Radman’s first pursued entrepreneurship when he realized he wasn’t finding fulfillment at his stressful engineering job at an aircraft company.

He learned to code in his free time and — spun from a failed app idea of his own — created an agency that helped other people create apps. The company, Plutonium Apps, grew to a team of more than 30 project managers, UX designers and engineers. Over five years, the company helped create over 40 mobile apps for corporate clients including the Atlanta Hawks, the University of Georgia and Ultimate Guitar.

“Each phone app was like a little mini startup,” said Radman. “Although I wasn't one of the founders, I experienced what made business models work and not work, what made successful winning teams and what made products good.”

As a musician, Radman then created the product he wished his younger self had. Launched in 2016, Crescendo is an interactive music platform that provides real-time assessment feedback for musicians.

“I wanted something that could just listen to me and tell me how I'm doing without the social dynamics of being judged,” said Radman. “We found out that an iPhone app listening to you play, giving you feedback could do just that and help musicians become confident.”

In 2019, Radman sold Crescendo to Ultimate Guitar.
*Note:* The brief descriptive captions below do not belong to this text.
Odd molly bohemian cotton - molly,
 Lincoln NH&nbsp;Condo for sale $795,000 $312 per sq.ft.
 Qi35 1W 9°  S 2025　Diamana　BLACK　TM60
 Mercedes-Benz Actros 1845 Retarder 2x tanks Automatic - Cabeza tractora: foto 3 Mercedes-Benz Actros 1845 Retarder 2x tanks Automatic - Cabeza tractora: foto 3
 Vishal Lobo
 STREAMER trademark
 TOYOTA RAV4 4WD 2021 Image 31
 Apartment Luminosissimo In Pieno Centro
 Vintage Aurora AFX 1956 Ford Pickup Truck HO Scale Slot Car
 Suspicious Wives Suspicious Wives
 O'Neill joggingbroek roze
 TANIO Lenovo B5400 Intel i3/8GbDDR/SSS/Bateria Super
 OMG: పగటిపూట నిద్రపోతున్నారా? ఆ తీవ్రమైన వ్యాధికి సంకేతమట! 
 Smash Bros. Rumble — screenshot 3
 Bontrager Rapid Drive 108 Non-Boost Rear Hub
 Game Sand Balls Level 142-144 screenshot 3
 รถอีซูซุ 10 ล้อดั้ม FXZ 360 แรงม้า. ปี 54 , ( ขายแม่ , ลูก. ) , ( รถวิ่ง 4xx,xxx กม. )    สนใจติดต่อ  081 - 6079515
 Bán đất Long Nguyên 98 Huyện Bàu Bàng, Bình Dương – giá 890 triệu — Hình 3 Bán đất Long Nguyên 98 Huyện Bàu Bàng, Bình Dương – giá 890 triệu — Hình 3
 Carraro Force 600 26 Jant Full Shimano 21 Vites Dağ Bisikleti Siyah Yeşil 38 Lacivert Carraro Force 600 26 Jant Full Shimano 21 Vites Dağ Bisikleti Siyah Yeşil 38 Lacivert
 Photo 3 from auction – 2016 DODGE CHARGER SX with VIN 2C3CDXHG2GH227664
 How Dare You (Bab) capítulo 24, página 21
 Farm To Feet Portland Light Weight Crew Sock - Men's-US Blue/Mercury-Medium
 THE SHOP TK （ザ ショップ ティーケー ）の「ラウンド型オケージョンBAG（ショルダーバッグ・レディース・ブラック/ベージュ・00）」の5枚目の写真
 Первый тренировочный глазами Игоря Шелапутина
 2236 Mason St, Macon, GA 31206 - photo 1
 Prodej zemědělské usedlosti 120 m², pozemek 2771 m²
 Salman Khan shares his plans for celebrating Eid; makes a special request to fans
For two years after the acquisition, he stayed with Ultimate Guitar as its lead product designer in addition to helping with product strategies.

Two of Radman’s startups, Upbeat and Plutonium Apps, had no outside funding, preferring to grow the customer base to get more revenue.

“With customers, you get feedback and validation to figure out if you're building the right product,” said Radman. “The thing that keeps me going is the emails I get from people saying, ‘I use your product and you're making a difference in my life’ … I realize my customers are relying on me, and it's a lot easier to have that as motivation if you know them personally.”

Radman says that following Upbeat, he is now completely focused on growing Infinite Giving — aside from a side career in film and TV.

He appears as a high school student in Season 4 Episode 1 of Stranger Things. Initially cast as a saxophonist extra, the set ran out of uniforms when he arrived. He was then placed alongside the main characters in many scenes and can plainly be seen throughout the episode.

“I have no new things on the horizon, which is exciting to me because for so much of life, the question people ask is what's next rather than living in the moment,” said Radman. “I'm not thinking about what happens after Infinite Giving.”